In the Netherlands, the government got behind a public co-working initiative. Sponsored by the Double U Smart Work Foundation, the government partnered with Cisco to open over 100 secure co-working spaces for public sector employees across the country, and created a mobile app to let people find the nearest one. Since the Smart Work Centers were launched, the government has reduced the number of office buildings from 200 to 120. Based on the success of the Dutch program, the South Korean government recently worked with Cisco to launch a program that aims to open 500 Smart Work Centers by 2015.

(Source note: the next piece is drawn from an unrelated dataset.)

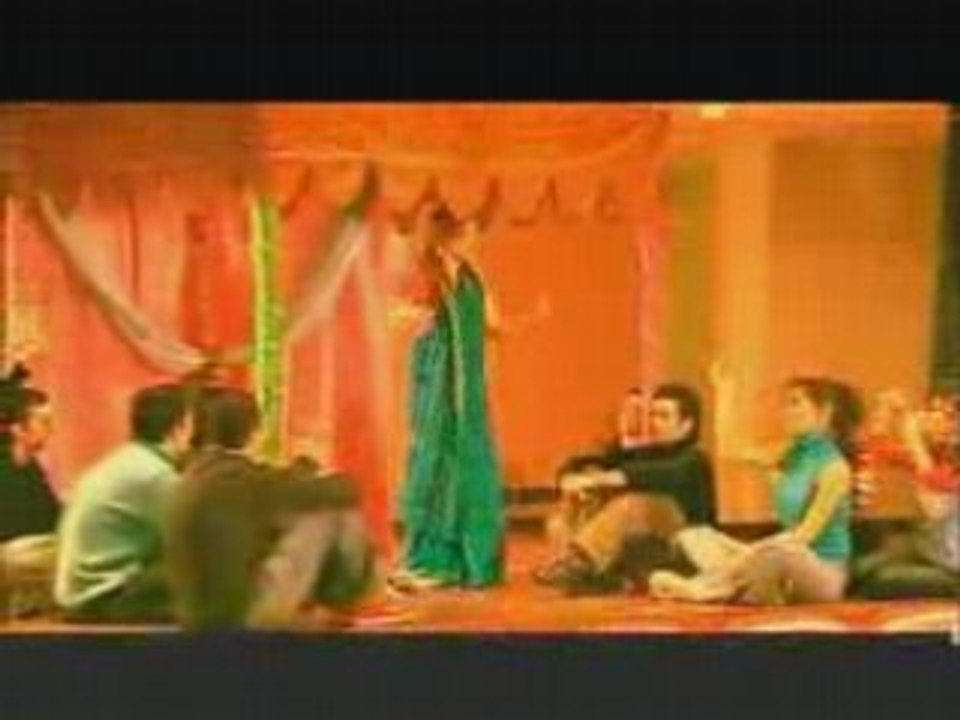 Azeri Kizi Günel - Resmimi Ceke Ceke by Aluxton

Some companies aren't just using external co-working centers, but are creating their own. In Germany, chemical company BASF opened several co-working spaces in Berlin, inviting not just their own employees to use them on a drop-in basis, but allowing partners and customers to use them, too. Proctor & Gamble created a co-working space in San Diego, Calif., for its global healthcare team. Employees can drop in to work there, but Johnson & Johnson also incubates startups and invites independent workers in the health care sector to use the space. In these kinds of company-sponsored co-working spaces, the idea is to boost cross-team collaboration, reduce fixed office space expenditures, and increase the flow of new ideas from both within and outside the company. Grid 70 in Grand Rapids, Mich., was created especially with that last goal in mind. Created by furniture company Steelcase and three of its largest partners, the co-working space aims to create a cross-pollination of ideas among creative teams, and increase the number of joint projects.

Two startups, LooseCubes and LiquidSpace, have created business models around the co-working wave. These two companies let people search for available co-working spots using a mobile or online app, so they can find a drop-in center no matter where they are.

Co-working spaces are just the latest wrinkle in the move toward a more fluid work society, where more and more people will work remotely. By 2020, independent workers will be the majority of the U.S. workforce, and even employees will work remotely much of the time, according to research firm MBO Partners. Whether these nomads work in an official co-working center, plug in at a hotel lobby or a café, or drop by their company's own collaborative workspace, this more flexible approach to work is here to stay.